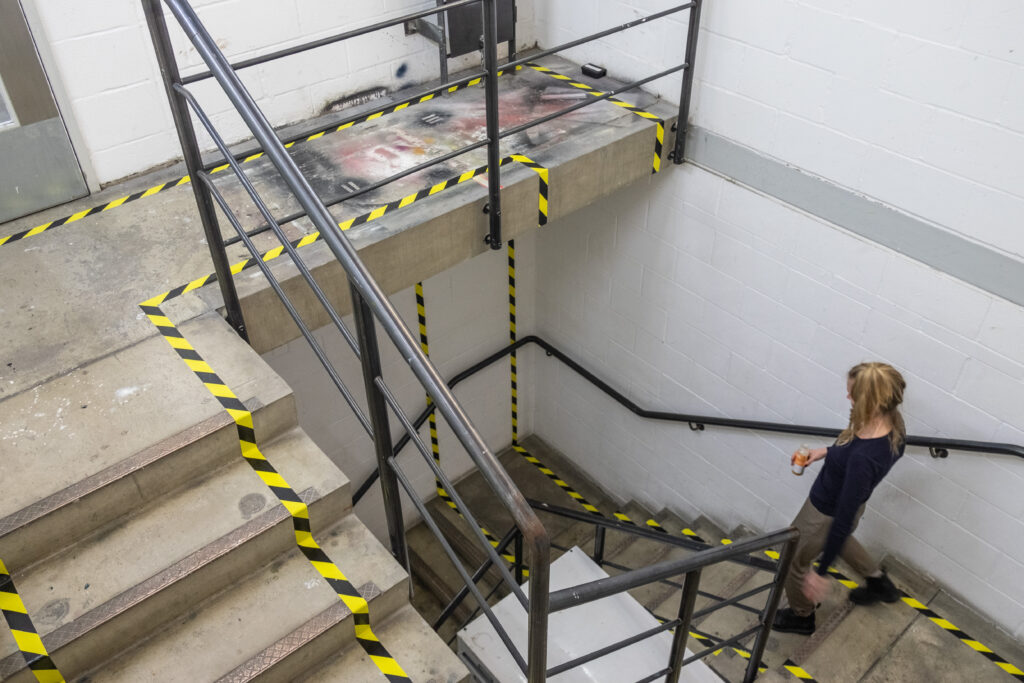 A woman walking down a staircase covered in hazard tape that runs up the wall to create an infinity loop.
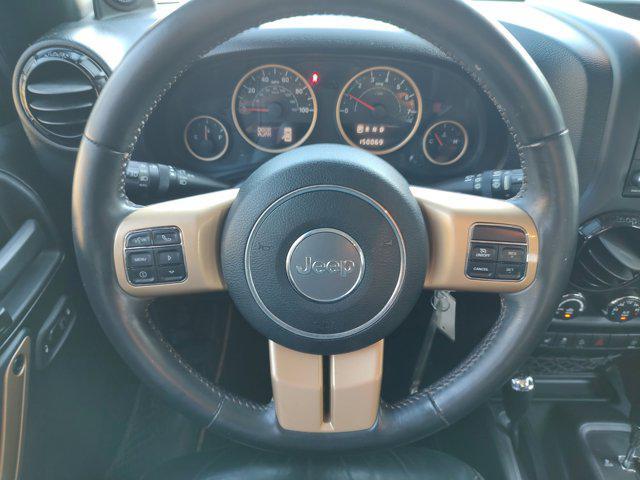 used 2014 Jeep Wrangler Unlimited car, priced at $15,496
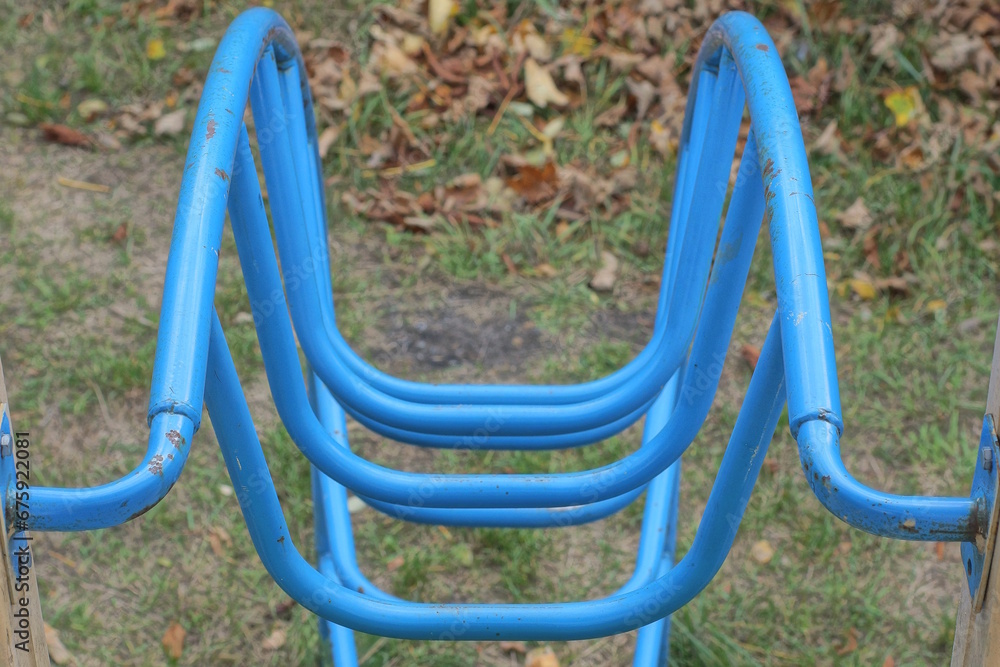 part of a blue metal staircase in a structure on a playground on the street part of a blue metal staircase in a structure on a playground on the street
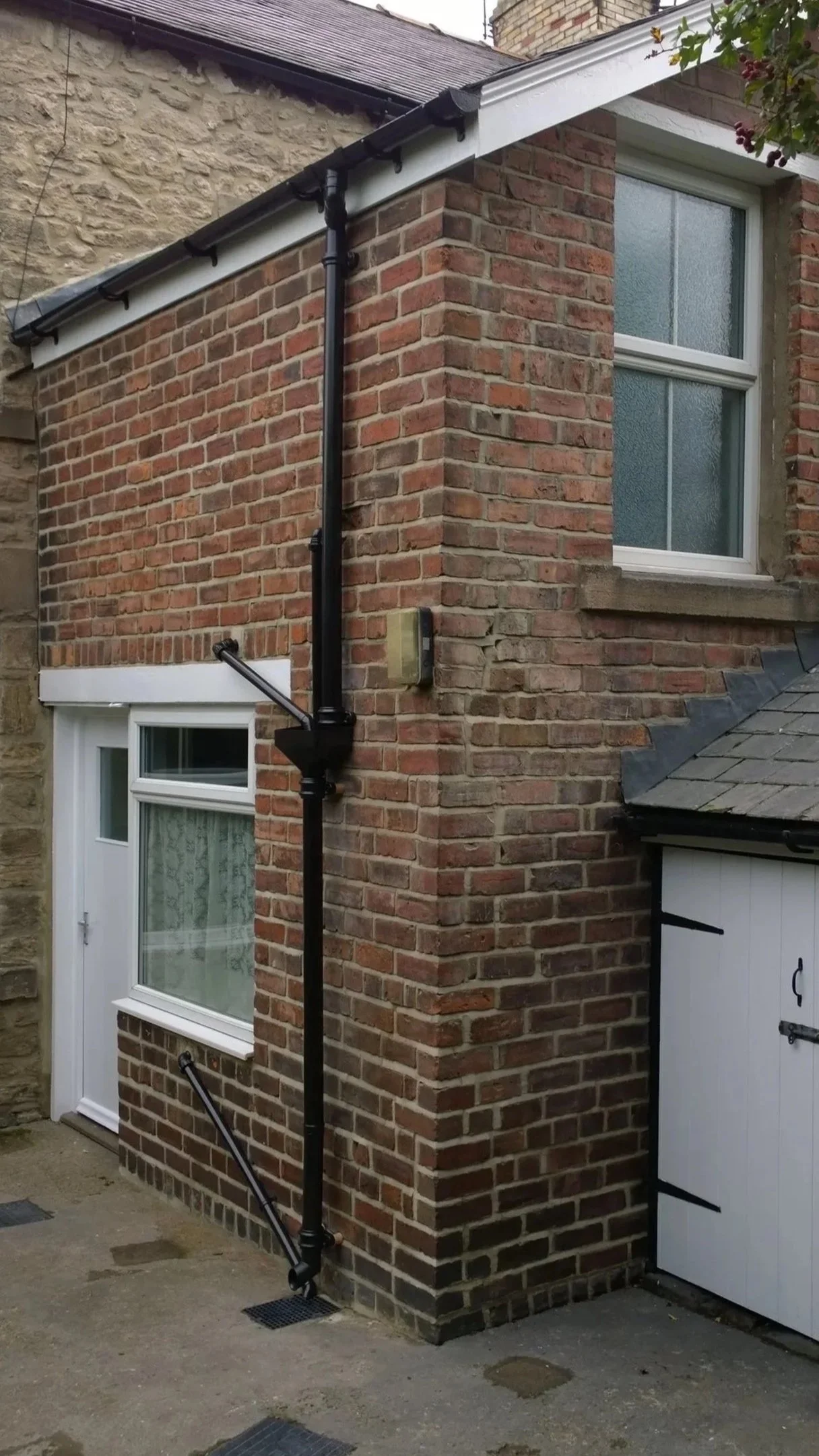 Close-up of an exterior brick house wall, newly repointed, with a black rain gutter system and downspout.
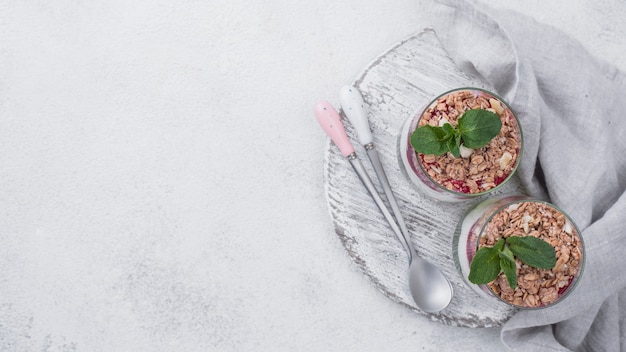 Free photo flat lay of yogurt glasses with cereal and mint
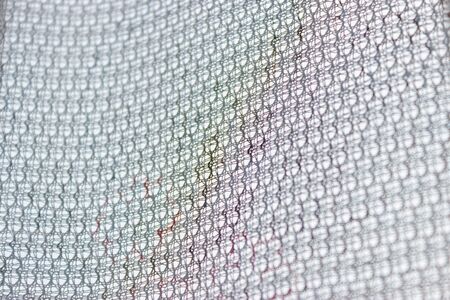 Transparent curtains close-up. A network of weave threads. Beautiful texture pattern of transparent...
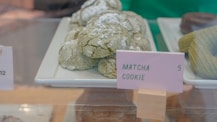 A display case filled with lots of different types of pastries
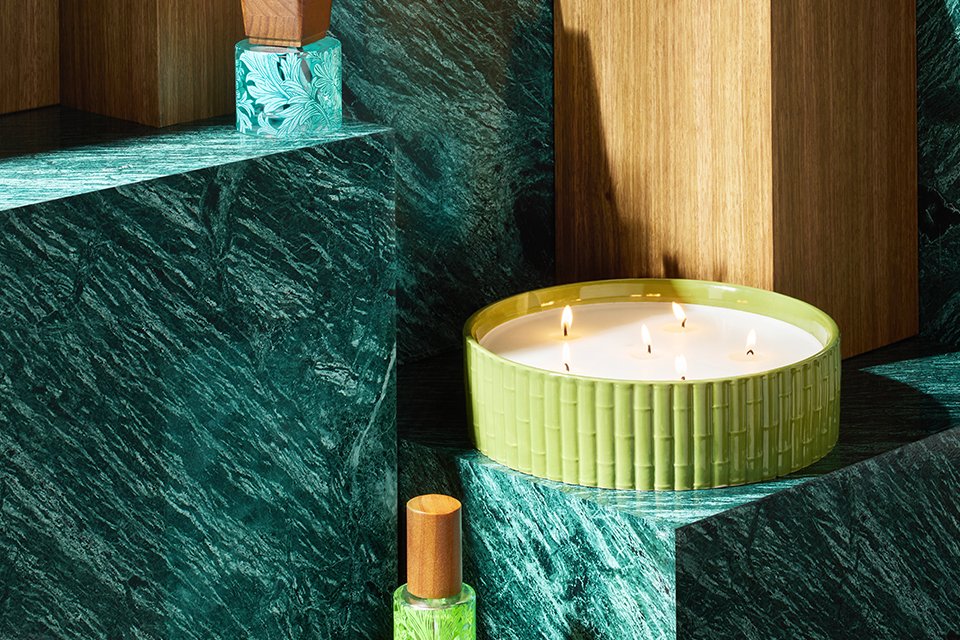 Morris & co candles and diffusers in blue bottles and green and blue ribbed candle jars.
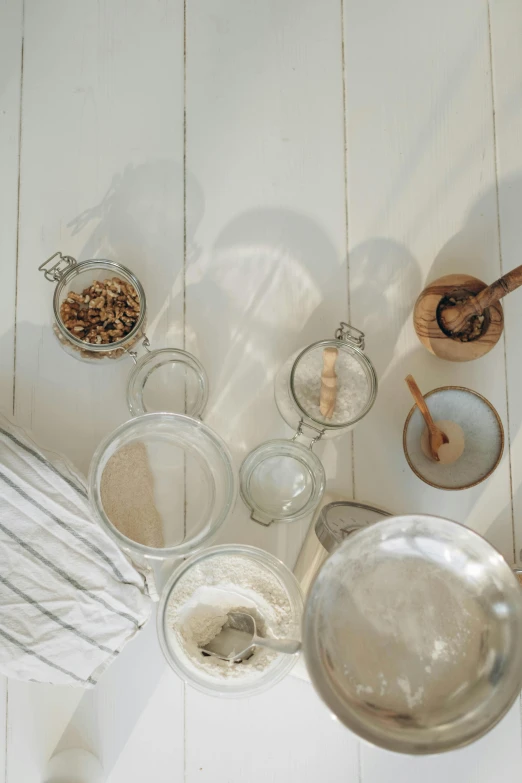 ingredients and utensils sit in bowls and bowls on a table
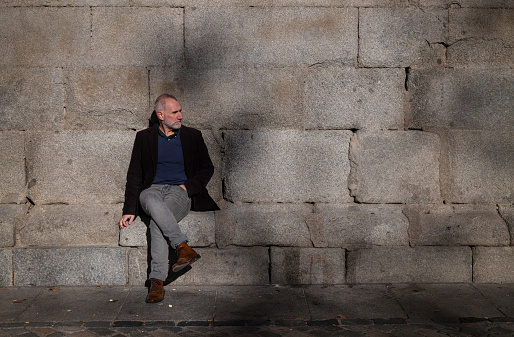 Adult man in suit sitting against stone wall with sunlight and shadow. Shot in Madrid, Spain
=-=-=-=-=
▶ [Instructions to follow] The reply must contain every entry above, exactly as written, and none of the pictures.

▶ [Answer for the task]
 A woman walking down a staircase covered in hazard tape that runs up the wall to create an infinity loop.
 used 2014 Jeep Wrangler Unlimited car, priced at $15,496
 part of a blue metal staircase in a structure on a playground on the street part of a blue metal staircase in a structure on a playground on the street
 Close-up of an exterior brick house wall, newly repointed, with a black rain gutter system and downspout.
 Free photo flat lay of yogurt glasses with cereal and mint
 Transparent curtains close-up. A network of weave threads. Beautiful texture pattern of transparent...
 A display case filled with lots of different types of pastries
 Morris & co candles and diffusers in blue bottles and green and blue ribbed candle jars.
 ingredients and utensils sit in bowls and bowls on a table
 Adult man in suit sitting against stone wall with sunlight and shadow. Shot in Madrid, Spain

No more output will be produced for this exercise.